── Data excerpt
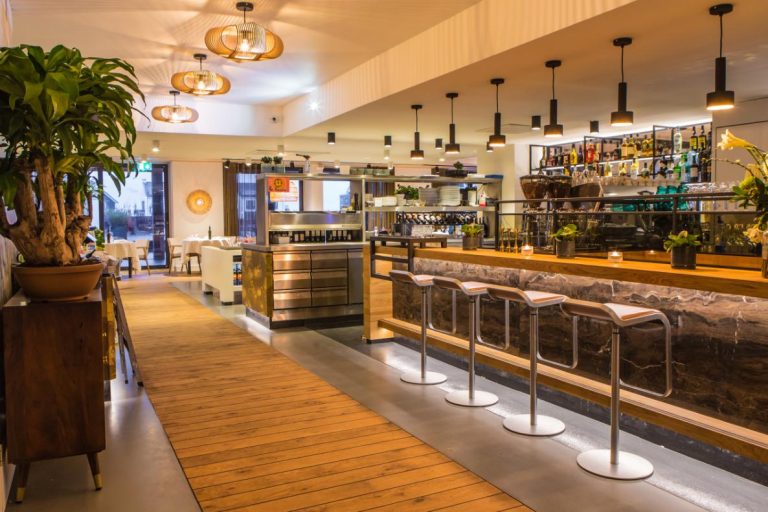 Modern restaurant- en barinterieur met lange verlichte bar, strakke barkrukken en gedekte tafels.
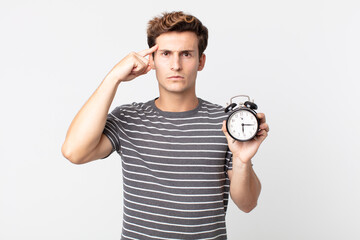 young handsome man feeling confused and puzzled, showing you are insane and holding an alarm clock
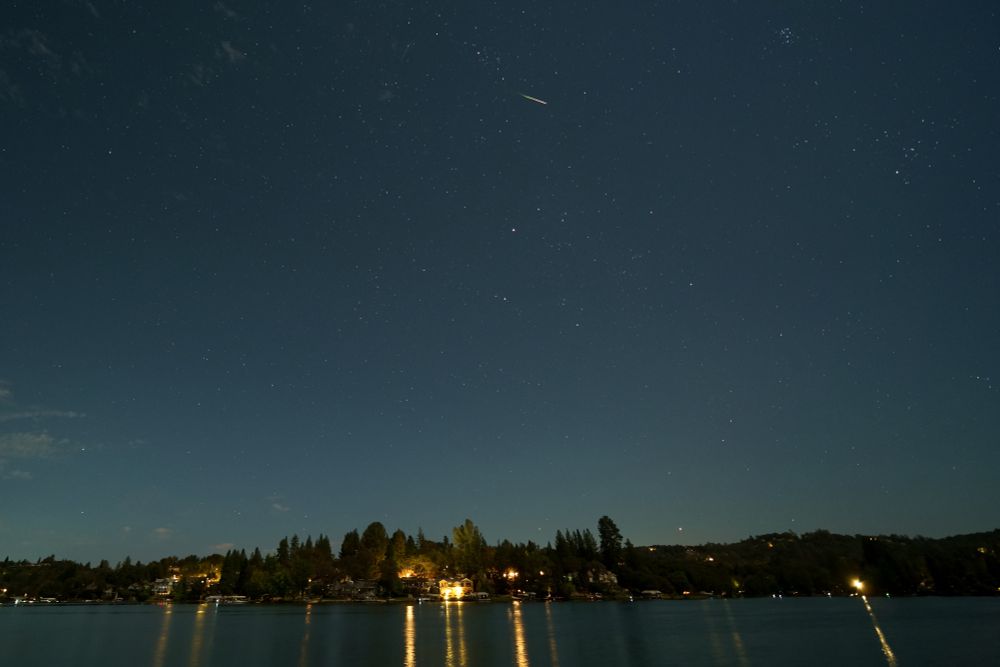 a meteor steaks across a starry sky over a lake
────
**Work request**
Quote the data exactly, leaving every image out of the copy.

**Problem solution**
 Modern restaurant- en barinterieur met lange verlichte bar, strakke barkrukken en gedekte tafels.
 young handsome man feeling confused and puzzled, showing you are insane and holding an alarm clock
 a meteor steaks across a starry sky over a lake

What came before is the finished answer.